Ryan Murphy rivela che il dietro le quinte di Glee c’era molta tensione, e di non essere riuscito a distaccarsi da quanto accadeva durante le riprese

A più di un anno dalla chiusura di Glee, Ryan Murphy ha deciso di ricordare quello che definisce “il migliore ed il peggiore periodo della mia vita”. La serie tv della Fox debuttò come una vera e propria sorpresa, ottenendo il consenso della critica e del pubblico, che rese lo show un fenomeno mondiale e culturale. Ma come tutti i successi che vengono spremuti dai grandi network, anche Glee ha avuto un suo rovescio della medaglia.

“Non pensavo sarebbe diventato qualcosa di importante”, ha rivelato Murphy ad Entertainment Weekly, “pensavo che al massimo avrebbe ricevuto un rinnovo, niente di più.
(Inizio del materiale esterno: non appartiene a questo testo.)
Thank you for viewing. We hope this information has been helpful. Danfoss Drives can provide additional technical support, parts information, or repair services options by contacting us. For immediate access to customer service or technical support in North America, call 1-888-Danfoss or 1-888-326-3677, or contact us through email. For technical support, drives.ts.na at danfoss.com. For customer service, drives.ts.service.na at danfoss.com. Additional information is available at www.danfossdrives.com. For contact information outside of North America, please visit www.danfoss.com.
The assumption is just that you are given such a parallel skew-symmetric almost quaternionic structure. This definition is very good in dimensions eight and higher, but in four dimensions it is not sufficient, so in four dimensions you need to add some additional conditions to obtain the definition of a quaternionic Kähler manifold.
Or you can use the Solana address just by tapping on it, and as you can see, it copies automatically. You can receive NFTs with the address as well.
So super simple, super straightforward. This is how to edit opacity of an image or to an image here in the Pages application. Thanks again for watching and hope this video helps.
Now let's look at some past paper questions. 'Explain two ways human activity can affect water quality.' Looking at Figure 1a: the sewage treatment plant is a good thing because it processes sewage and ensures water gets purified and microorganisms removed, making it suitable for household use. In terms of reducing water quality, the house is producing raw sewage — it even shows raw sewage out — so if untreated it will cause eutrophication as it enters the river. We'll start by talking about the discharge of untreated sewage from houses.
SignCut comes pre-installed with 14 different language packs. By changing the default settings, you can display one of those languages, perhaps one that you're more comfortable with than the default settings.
Lo abbiamo girato, è stata una magica esperienza perchè abbiamo girato i primi tredici episodi in una bolla, prima che andassero in onda”.

Successivamente, Murphy è andato in India a girare “Mangia, Prega, Ama”. Al suo rientro in America “era come essere nei Beatles”, ha detto, “era pazzesco, non si poteva uscire con il cast”. Proprio il cast, composto da giovani attori, iniziò a creargli problemi:

“C’erano un sacco di lotte interne. Un sacco di persone andava a letto l’una con l’altro, si lasciavano. E’ stato un buon test da genitore. Ma ho fatto anche un errore: è diventato troppo personale. Ci volevamo così bene che saremmo sempre usciti insieme, saremmo sempre andati a cena insieme, non c’era un confine tra chi era il capo e chi il dipendente. Eravamo così uniti che alla fine quando succedeva qualcosa, era così personale che perdevo le staffe”.
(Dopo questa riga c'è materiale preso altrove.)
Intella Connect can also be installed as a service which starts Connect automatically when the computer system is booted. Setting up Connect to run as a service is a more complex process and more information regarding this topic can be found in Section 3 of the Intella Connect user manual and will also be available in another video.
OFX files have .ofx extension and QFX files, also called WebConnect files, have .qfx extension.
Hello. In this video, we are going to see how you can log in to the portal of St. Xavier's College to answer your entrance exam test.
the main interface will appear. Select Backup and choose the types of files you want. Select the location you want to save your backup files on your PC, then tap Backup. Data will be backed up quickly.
Le parole di Murphy arrivano qualche giorno dopo quelle di Naya Rivera che, nel suo libro “Sorry Not Sorry: Dreams, Mistakes and Growing Up”, ha ammesso la tensione dietro le quinte con Lea Michele: “Se mi lamentavo di qualcosa o di qualcuno, lei pensava che stessi parlando male di lei”, ha rivelato. “Presto, ha iniziato ad ignorarmi, al punto che non mi ha rivolto la parola durante tutta la sesta stagione. Io e Lea non eravamo migliore amiche, e dubito che ci siederemo mai ancora su un divano a mangiare del cavolo insieme”.

Glee è stato anche colpito dalla scomparsa di Cory Monteith, nel 2013, che ha inevitabilmente cambiato il corso del telefilm. “Abbiamo iniziato la serie parlando della celebrazione dell’amore e dell’accettazione, ed alla fine siamo diventati cupi ed abbiamo parlato di morte. Ma è stata una grande lezione”, ha detto l’autore a proposito del suo lavoro nella serie tv, “ho imparato cosa non fare in futuro: e molti degli attori del cast oggi sono miei amici”.